34.17. The Connection Service File
The connection service file allows libpq connection parameters to be
associated with a single service name. That service name can then be
specified in a libpq connection string, and the associated settings will be
used. This allows connection parameters to be modified without requiring
a recompile of the libpq-using application. The service name can also be
specified using the
PGSERVICE
environment variable.
Service names can be defined in either a per-user service file or a
system-wide file. If the same service name exists in both the user
and the system file, the user file takes precedence.

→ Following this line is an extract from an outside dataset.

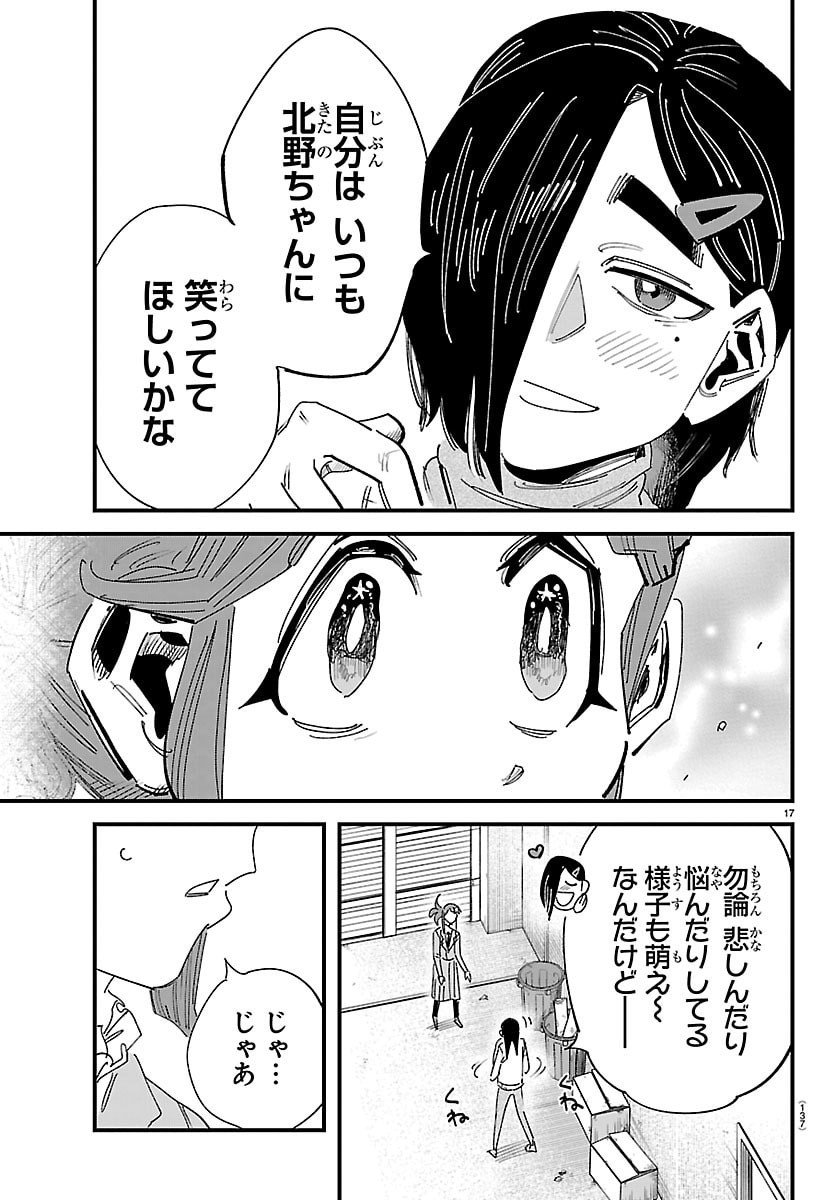 Girly Debut - Chapter 10 - Page 17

By default, the per-user service file is named
~/.pg_service.conf
.
On Microsoft Windows, it is named
%APPDATA%\postgresql\.pg_service.conf
(where
%APPDATA%
refers to the Application Data subdirectory
in the user's profile). A different file name can be specified by
setting the environment variable
PGSERVICEFILE
.
The system-wide file is named
pg_service.conf
.
By default it is sought in the
etc
directory
of the
PostgreSQL
installation
(use
pg_config --sysconfdir
to identify this
directory precisely). Another directory, but not a different file
name, can be specified by setting the environment variable
PGSYSCONFDIR
.
Either service file uses an " INI file " format where the section name is the service name and the parameters are connection parameters; see Section 34.1.2 for a list. For example:
# comment [mydb] host=somehost port=5433 user=admin
An example file is provided in
the
PostgreSQL
installation at
share/pg_service.conf.sample
.
Connection parameters obtained from a service file are combined with
parameters obtained from other sources. A service file setting
overrides the corresponding environment variable, and in turn can be
overridden by a value given directly in the connection string.
For example, using the above service file, a connection string
service=mydb port=5434
will use
host
somehost
, port
5434
,
user
admin
, and other parameters as set by
environment variables or built-in defaults.